• What is expected: All pictures should be dropped, and only the lines from the top of the entries below through the line containing "Ballycastle Natural Oak" repeated exactly, both ends included.
----- Data -----
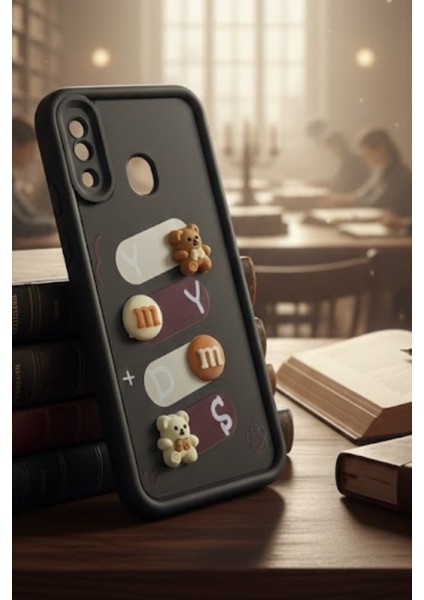 Samsung Galaxy A20 Uyumlu Kılıf Siyah Renk Ayıcık Figürlü 3D Kamera Korumalı Darbe Emici Yumuşak Silikon Kapak fiyatları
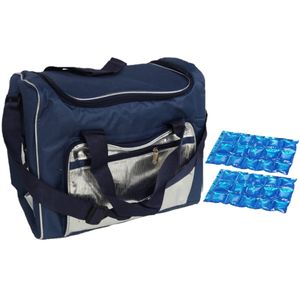 Grote koeltas schoudertas blauw/zilver met 2 stuks flexibele koelelementen 21 liter - Koeltas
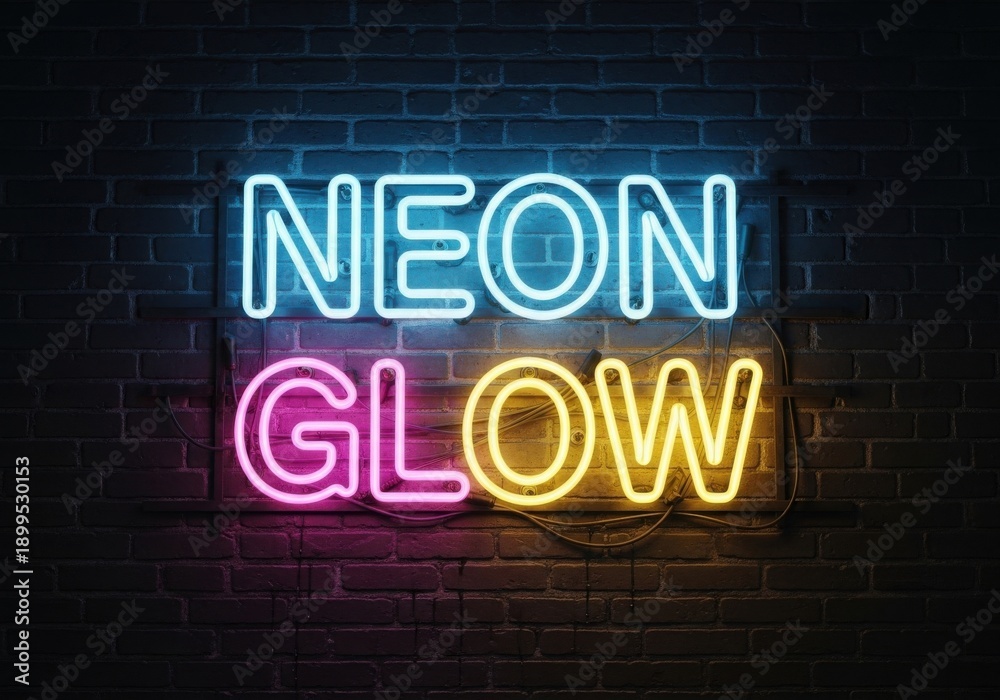 Obraz premium Vibrant neon sign with the words neon glow illuminated in bright blue pink and yellow against a dark textured brick wall creating a retro and energetic atmosphere for nightlife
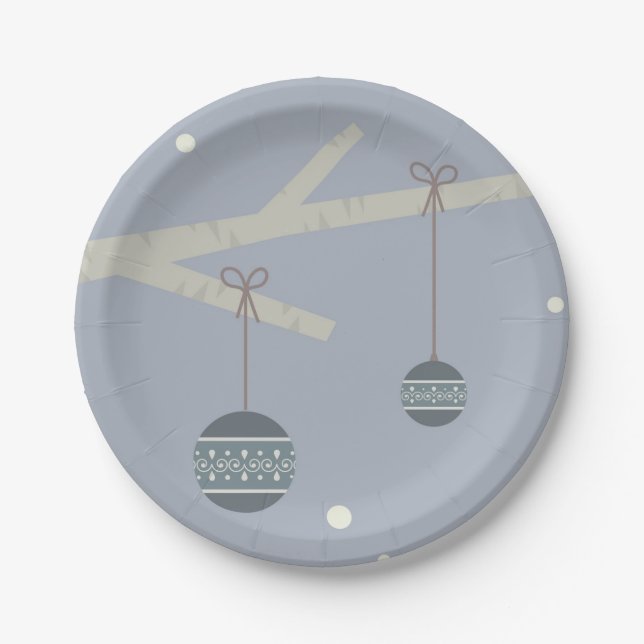 Wald im Winter Pappteller (Vorderseite)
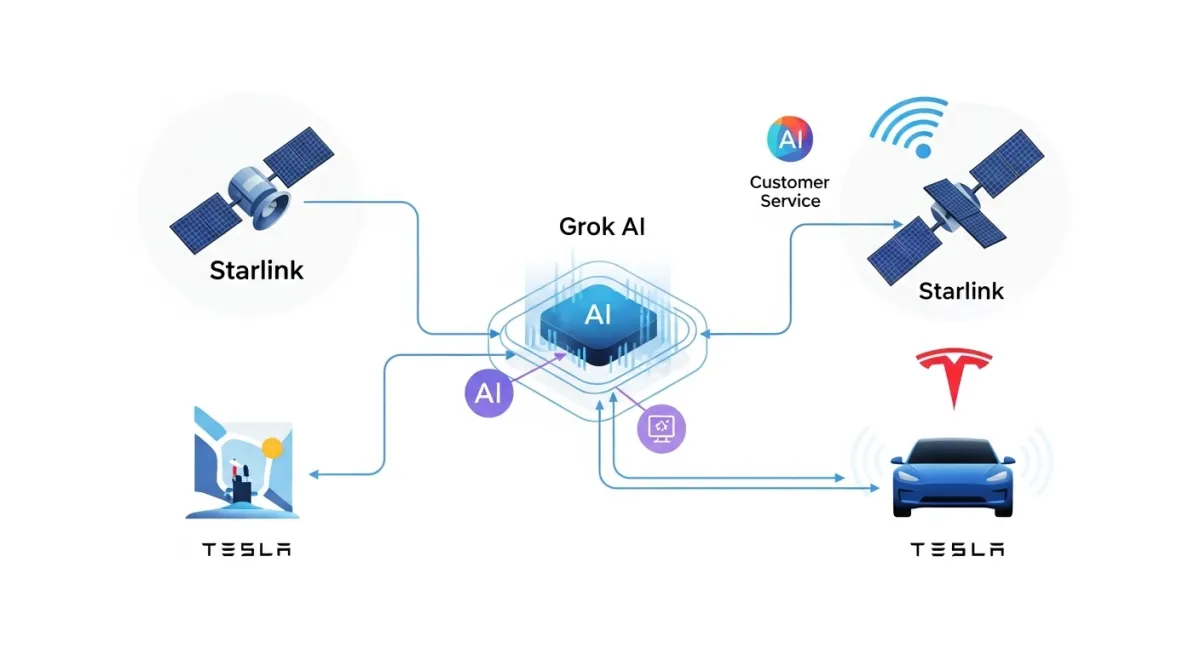 Grok AI が Starlink のカスタマーサービスおよび Tesla 車両と統合される仕組みを示す概念図。イーロン・マスクのテクノロジー・エコシステムに焦点を当てています。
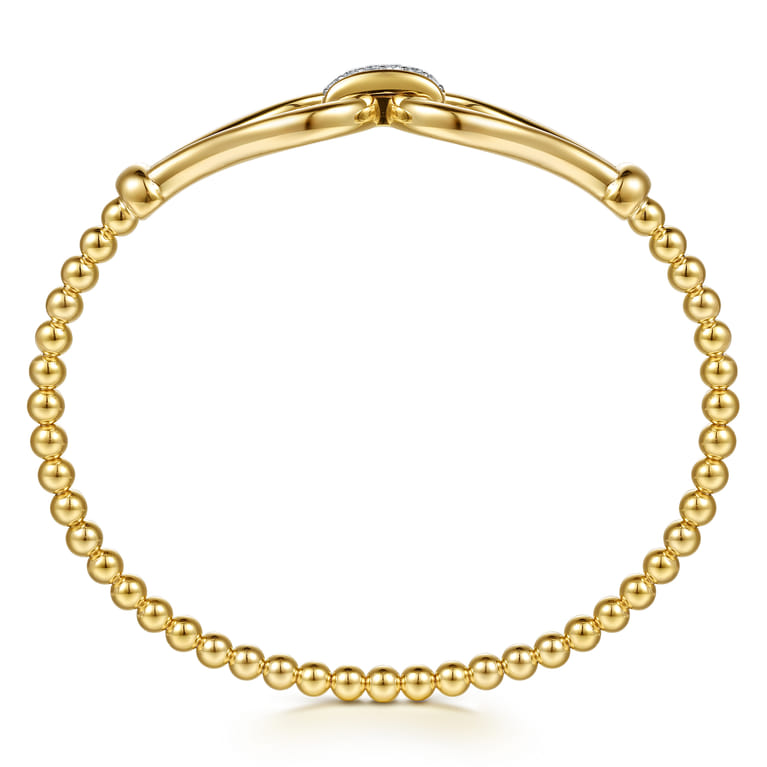 14K Yellow Gold Bujukan Beads Diamond Stirrup Cuff Bangle Bracelet - 0.08 ct - Shot 3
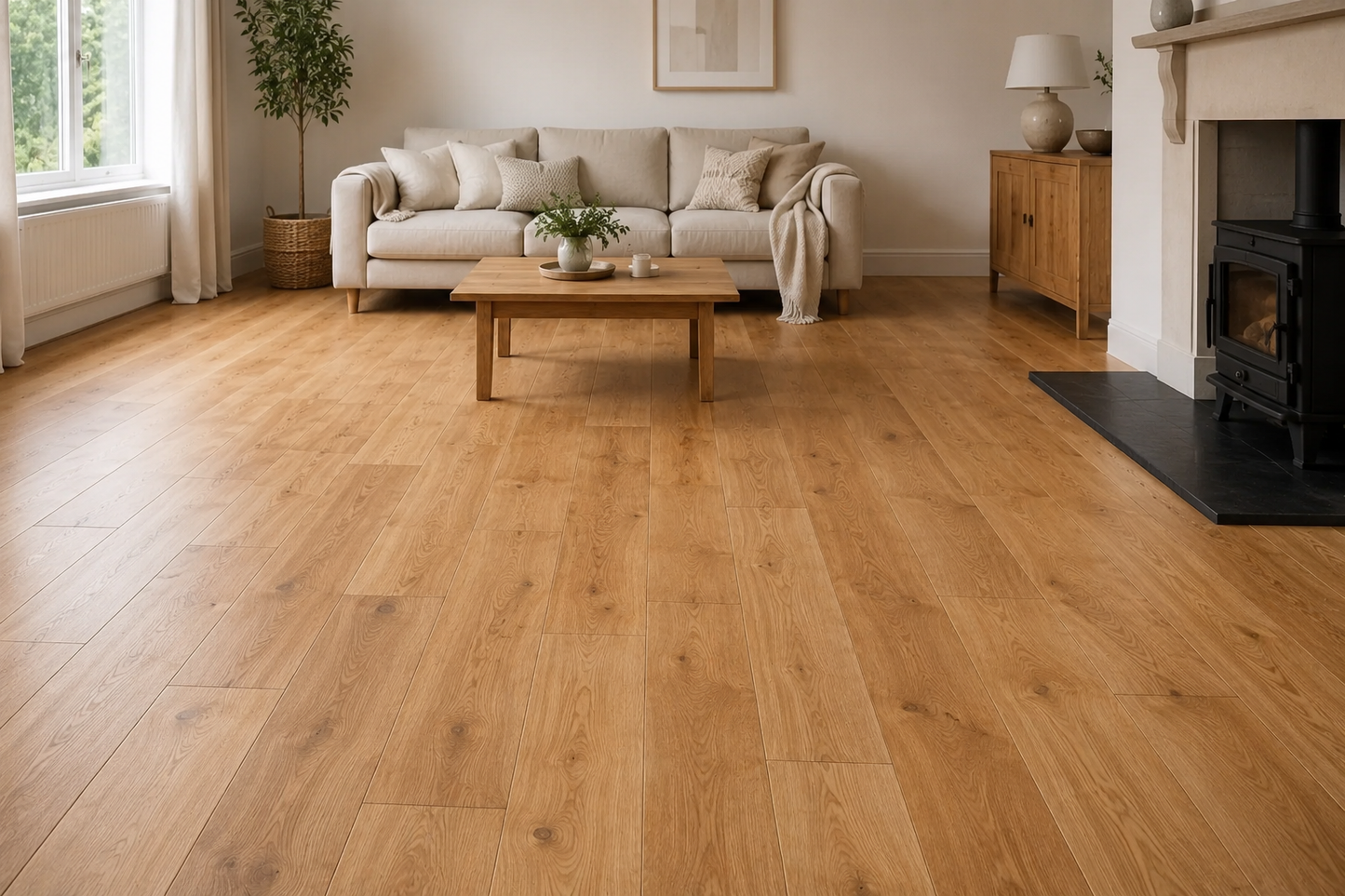 Ballycastle Natural Oak 14mm Brushed & Oiled Engineered Wood Flooring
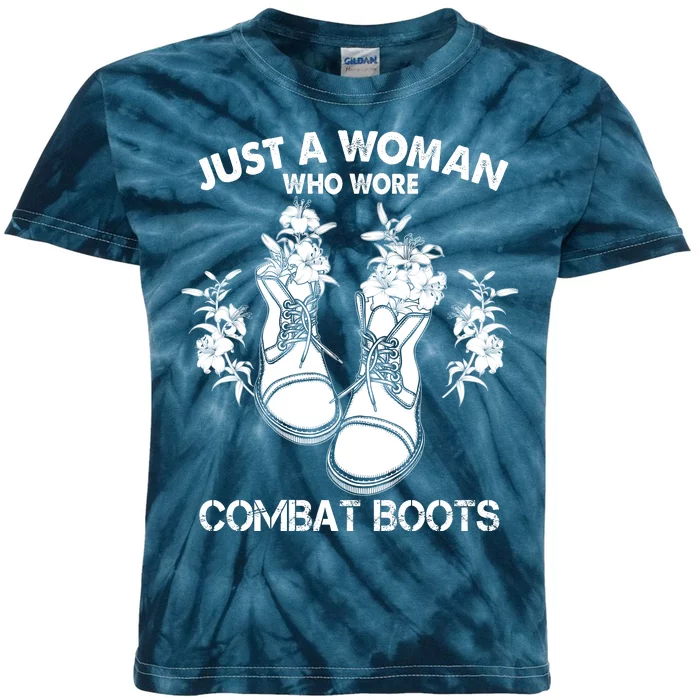 Just A Woman Who Wore Combat Boots Kids Tie-Dye T-Shirt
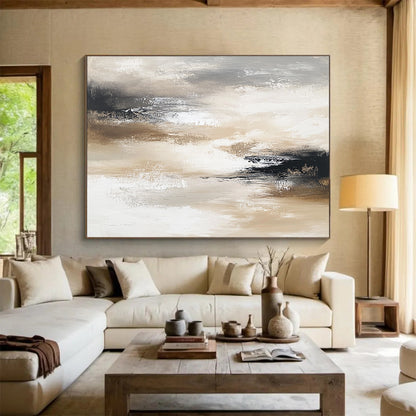 Beige - Gray Abstract Landscape Art for Rustic - Modern Home Office & Nature - Inspired Spa SC246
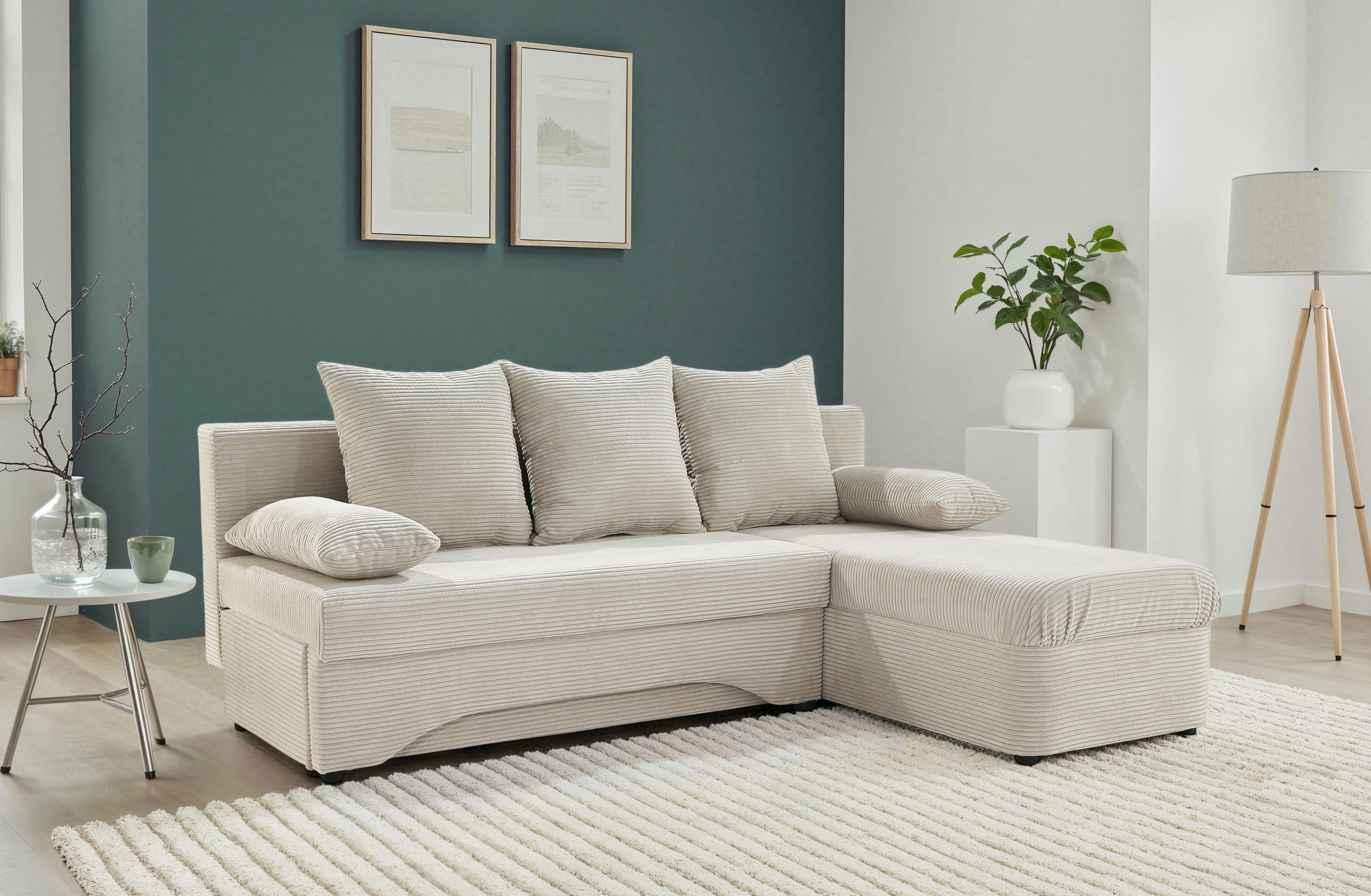 Jockenhöfer Gruppe Ecksofa L-Form, B: 191 cm, auch in Cord, Platzsparendes Schlafsofa & Eckcouch mit Bettkasten & Schlaffunktion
-----
• Expected answer:
 Samsung Galaxy A20 Uyumlu Kılıf Siyah Renk Ayıcık Figürlü 3D Kamera Korumalı Darbe Emici Yumuşak Silikon Kapak fiyatları
 Grote koeltas schoudertas blauw/zilver met 2 stuks flexibele koelelementen 21 liter - Koeltas
 Obraz premium Vibrant neon sign with the words neon glow illuminated in bright blue pink and yellow against a dark textured brick wall creating a retro and energetic atmosphere for nightlife
 Wald im Winter Pappteller (Vorderseite)
 Grok AI が Starlink のカスタマーサービスおよび Tesla 車両と統合される仕組みを示す概念図。イーロン・マスクのテクノロジー・エコシステムに焦点を当てています。
 14K Yellow Gold Bujukan Beads Diamond Stirrup Cuff Bangle Bracelet - 0.08 ct - Shot 3
 Ballycastle Natural Oak 14mm Brushed & Oiled Engineered Wood Flooring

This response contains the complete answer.